The ruling makes intuitive sense to anybody with even a minimal knowledge of the Fourth Amendment’s limitations on police rights to search and seize. Americans increasingly store their lives on their mobile devices. If the police cannot rifle through a locked file drawer on a whim, they cannot do so with an iPhone.
Still, it’s a rare occasion when even Justice Samuel Alito votes to constrain police. The unanimity of the ruling in Riley v. United States, and the emphatic wording of the majority opinion (written by Chief Justice John Roberts) leaves little doubt of how certain the court is in this case.
Which raises the issue of how far the court wishes to go in protecting online privacy, particularly regarding the National Security Agency’s gathering of metadata and other online information.
The judicial system has largely abandoned the field when it comes to counterterrorism. From all indications, even when the so-called secret spy court’s orders are ignored or its limits exceeded, it has done nothing.
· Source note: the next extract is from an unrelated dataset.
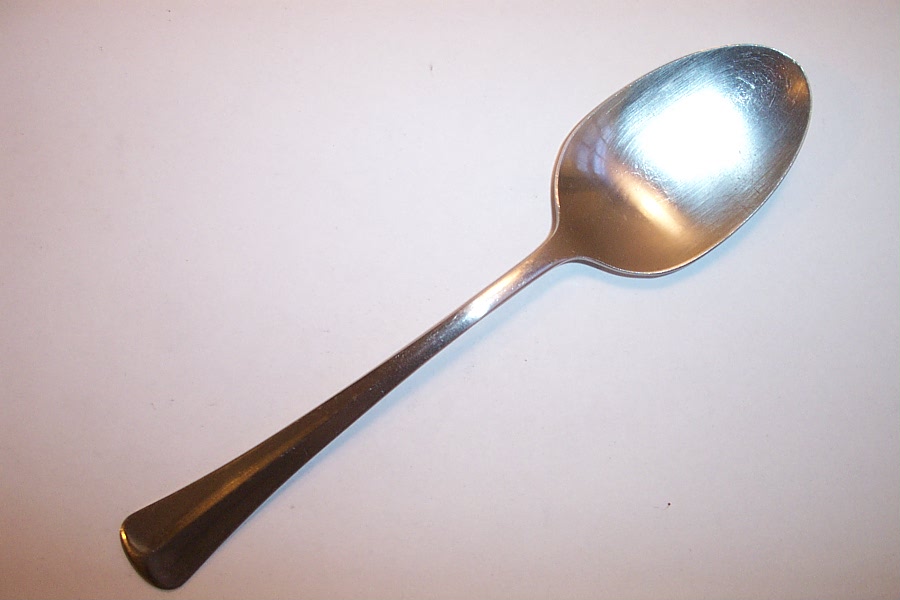Oneidaware ALLEGIANCE Tablespoon / Serving Spoon
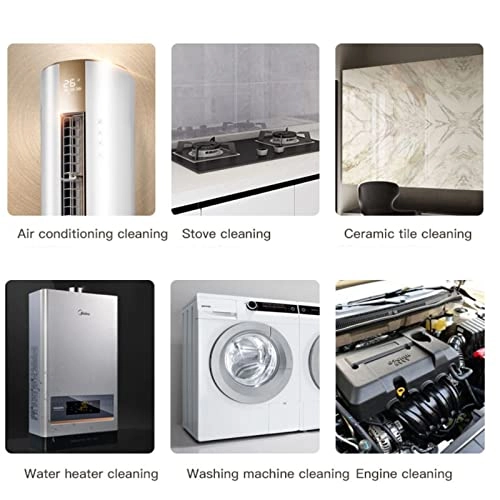 Steam Cleaner - 3.0 Bar 1 Liter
The spy agencies have been left to do as they will.
One struggles to grasp how it’s illegal for police to pull your email address collection from your smartphone without a warrant but permissible to gather that same information off the cellphone towers.
The court may still continue to defer to the spy agencies on this; judges are historically reluctant to interfere on matters of national security. But the ruling in Riley certainly signals a possible shift.
The NSA revelations of the past year or so have undermined the spy agencies’ standing with Congress and the general public. Perhaps that has carried over to the judicial branch as well. We can hope.